The 16 experiments from a full factorial, \(2^4\), were randomly run, and the yields from the bioreactor, \(y\), are reported here in standard order: y = [60, 59, 63, 61, 69, 61, 94, 93, 56, 63, 70, 65, 44, 45, 78, 77].

  1. Calculate the 15 main effects and interactions and the intercept, using computer software.
  2. Use a Pareto-plot to identify the significant effects. What would be your advice to your colleagues to improve the yield?
  3. Refit the model using only the significant terms identified in the second question.
    • Clearly explain why you don't actually have to recalculate the least squares model parameters.
    • Compute the standard error and confirm that the effects are indeed significant at the 95% level.
  4. Write down the exact settings for A, B, C, and D you would provide to the graduate student running a half-fraction in 8 runs for this system.

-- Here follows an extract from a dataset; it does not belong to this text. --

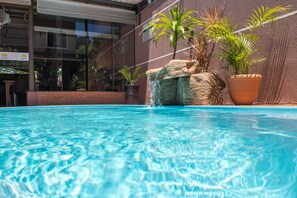 Una piscina de aguas claras, rodeada por un muro de ladrillo y plantas en macetas.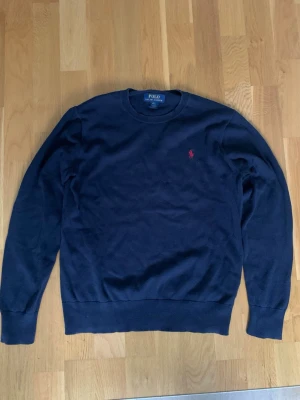 Marinblå tröja från Polo Ralph Lauren - Säljer en marinblå tröja från Polo Ralph Lauren med klassisk röd logga på bröstet och snygga armbågslappar i mörkare tyg. Tröjan har rund halsringning och långa ärmar, perfekt för dig som gillar stilrena och tidlösa plagg.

  5. Before the half-fraction experiments are run you can calculate which variables will be confounded (aliased) with each other. Report the confounding pattern for these main effects and for these two-factor interactions. Your answer should be in this format:
    • Generator =
    • Defining relationship =
    • Confounding pattern:
      • \(\widehat{\beta}_\mathbf{A} \rightarrow\)
      • \(\widehat{\beta}_\mathbf{B} \rightarrow\)

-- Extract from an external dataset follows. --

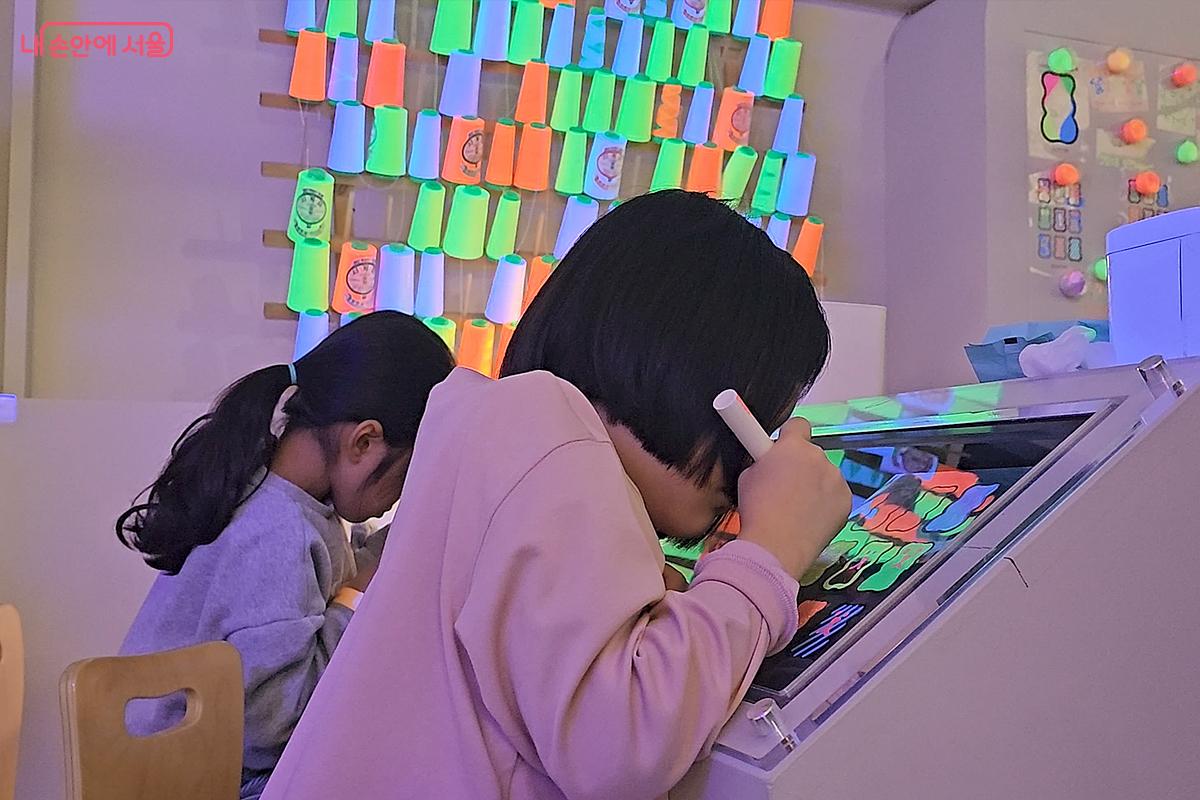 형광색 펜으로 플라스틱  종이에 곰돌이를 그려보는 어린이들 &copy;오도연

      • \(\widehat{\beta}_\mathbf{C} \rightarrow\)
      • \(\widehat{\beta}_\mathbf{D} \rightarrow\)
      • \(\widehat{\beta}_\mathbf{AB} \rightarrow\)
      • \(\widehat{\beta}_\mathbf{AC} \rightarrow\)
      • \(\widehat{\beta}_\mathbf{AD} \rightarrow\)
      • \(\widehat{\beta}_\mathbf{BC} \rightarrow\)
      • \(\widehat{\beta}_\mathbf{BD} \rightarrow\)
      • \(\widehat{\beta}_\mathbf{CD} \rightarrow\)
  6. Now use the 8 yield values corresponding to your half fraction, and calculate as many parameters (intercept, main effects, interactions) as you can.
    • Report their numeric values.
    • Compare your parameters from this half-fraction (8 runs) to those from the full factorial (16 runs). Was much lost by running the half fraction?
    • What was the resolution of the half-fraction?
    • What is the projectivity of this half-fraction? And what does this mean in light of the fact that factor A was shown to be unimportant?